Biliyorum, çok kritik bir sürecin içindeyiz...

Ancaaak...

Aradan TFF'nin ilk açıklamasının ardından 24 saat geçmişti ki;

TFF, Sağlık Kurulu'nun, milli maça seyirci alınmasını uygun bulmadığı için bu kararını iptal ettiğini açıkladı.

İyi, hoş da, bu kararı açıklamadan kendi Sağlık Kurulu'nuza danışmak hiç aklınıza gelmedi mi acaba Sayın TFF?

Daha ne diyeyim ki!..

Sadece;

"Akşamdan söz verip de, sabaha dönüş mü olur oğlan?!" türküsü aklıma geldi.

Bu ne yaman çelişki?!

Bu gelişme üzerine taraftarlar yine hayal kırıklığına uğradı.

Görünen o ki;

1 yıldır süren "tribünde maç izleme hasreti" yine bir başka bahara kaldı...

Vuslat yine rötar yaptı!..

NOSTALJİ ZAMANI...

Pazartesi akşamki Altay maçına daha 1 hafta var...

Hazır, liglere milli maçlar için ara verilmişken...

Biraz nostalji yapmak istiyorum izninizle...

Yukarıda "tribün" deyince, yine zaman tüneline girdim bir an...

1973-74 yıllarında, henüz 4-5 yaşlarında tanışmıştım Bursaspor'la...

Atatürk Stadı'nda;

Teksas'ın Kapalı Tribünü'ne yakın olan kısmında otururduk babamla...

EFSANELERİ İZLEMEK...

O yıllarda;

Yeşil-beyazlı formayı giyen efsaneler Orhan Özselek'i, Sinan Bür'ü, kaleci Osman Uçaner'i, Vahit (Kol) Doğan'ı, Vahap Çeki'yi, Haluk Erdem'i, Sedat (1) Çelen'i, Sedat (2) Özbağ'ı, Kemal Batmaz'ı, Feridun Özdiker'i, Rasim Kara'yı izledim.
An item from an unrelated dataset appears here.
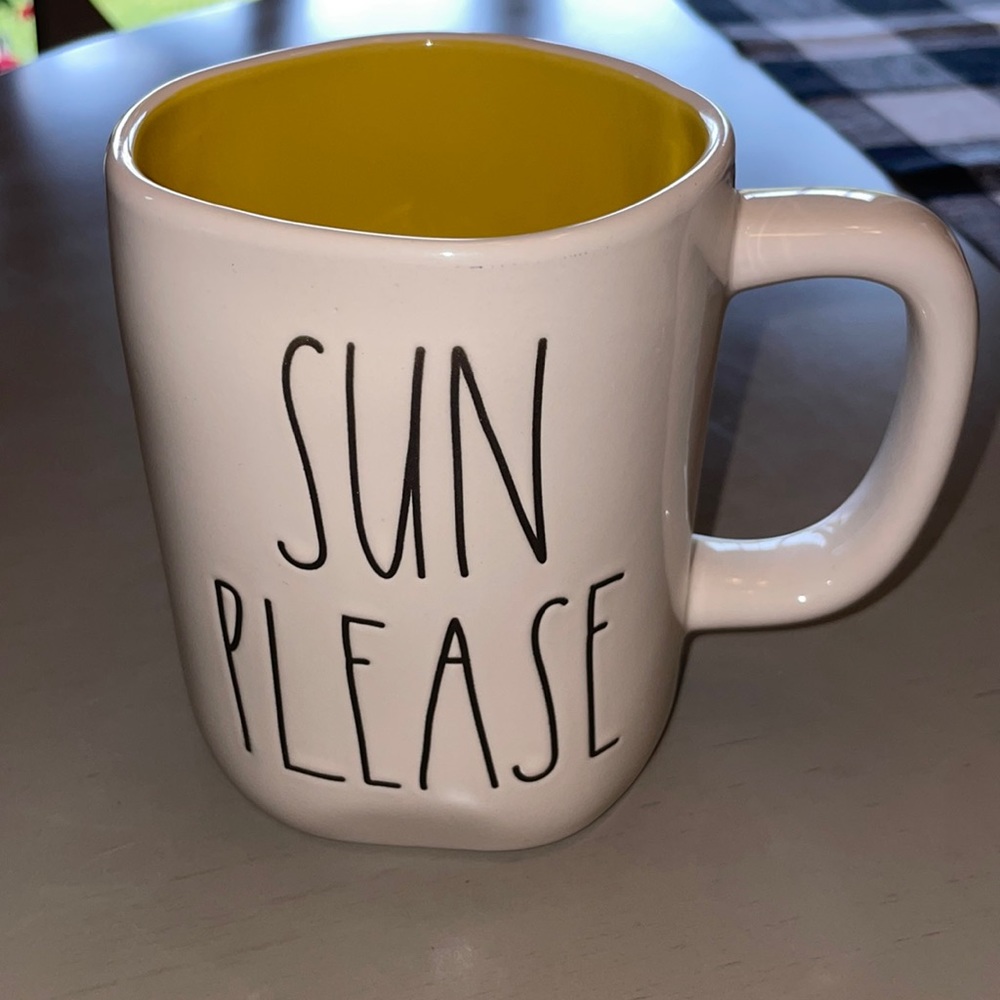 Rae Dunn Sun Please Mug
Tabii daha sonra, Efsane Kaptan Sedat (3) Özden ve arkadaşlarını da seyrettim tribünden çok şükür... 

O dönemde;

Bursaspor'la özdeşleşmiş olan unutulmaz futbolcuları seyretmek için erkenden giderdik stada...
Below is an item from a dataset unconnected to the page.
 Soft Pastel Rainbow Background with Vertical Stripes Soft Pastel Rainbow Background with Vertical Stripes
ÜMİTLER İÇİN ERKEN GİDERDİK

Hatta;

1980'lerin başında statta oynanan Ümitler Ligi'nde oynayan takımı izlemek için 2,5 saat önceden girerdik içeri...

Ergin Parlar, Eser Kardeşler, Semih Yuvakuran, Cemal Vardar, Erkan Öncel, Ali Aköz gibi gençlerin keyifli mücadelesine tanıklık etmek amacıyla...

KAĞIT ŞAPKA VE MAÇA KARTON...

Ayrıca...

İçeri girmeden önce de, yeşil-beyaz kağıt şapkamızı ve beton zemine oturmak için kartonlarımızı alırdık.

Ardından da;

Önce yukarıdaki bilet gişeleri önündeki kuyruğa, sonra da stat kapılarında uzayıp giden kuyruğa girerdik.

TRİBÜNDEKİ KÖFTECİYE UĞRAMADAN OLUR MU?

Tabii bir de stat içinde Teksas ile maraton (o zamanki adıyla açık tribün) arasında yer alan bacasından duman tüten kulübeden ekmek arası köfte almak adeta bir gelenekti.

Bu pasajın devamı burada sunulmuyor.